=== Prompt ===
Using the entries below, output exactly the line containing "Used Renault Captur" and all lines that follow it to the end.

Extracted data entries
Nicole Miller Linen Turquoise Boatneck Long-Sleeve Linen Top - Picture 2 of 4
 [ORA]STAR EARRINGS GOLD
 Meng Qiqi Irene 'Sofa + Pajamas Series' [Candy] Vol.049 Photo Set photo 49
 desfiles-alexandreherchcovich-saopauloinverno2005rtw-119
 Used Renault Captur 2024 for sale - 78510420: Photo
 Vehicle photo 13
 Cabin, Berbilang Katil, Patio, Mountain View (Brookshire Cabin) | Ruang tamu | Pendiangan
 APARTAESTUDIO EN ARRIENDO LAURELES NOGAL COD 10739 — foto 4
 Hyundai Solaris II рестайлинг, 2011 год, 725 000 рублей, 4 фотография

=== Completed task ===
 Used Renault Captur 2024 for sale - 78510420: Photo
 Vehicle photo 13
 Cabin, Berbilang Katil, Patio, Mountain View (Brookshire Cabin) | Ruang tamu | Pendiangan
 APARTAESTUDIO EN ARRIENDO LAURELES NOGAL COD 10739 — foto 4
 Hyundai Solaris II рестайлинг, 2011 год, 725 000 рублей, 4 фотография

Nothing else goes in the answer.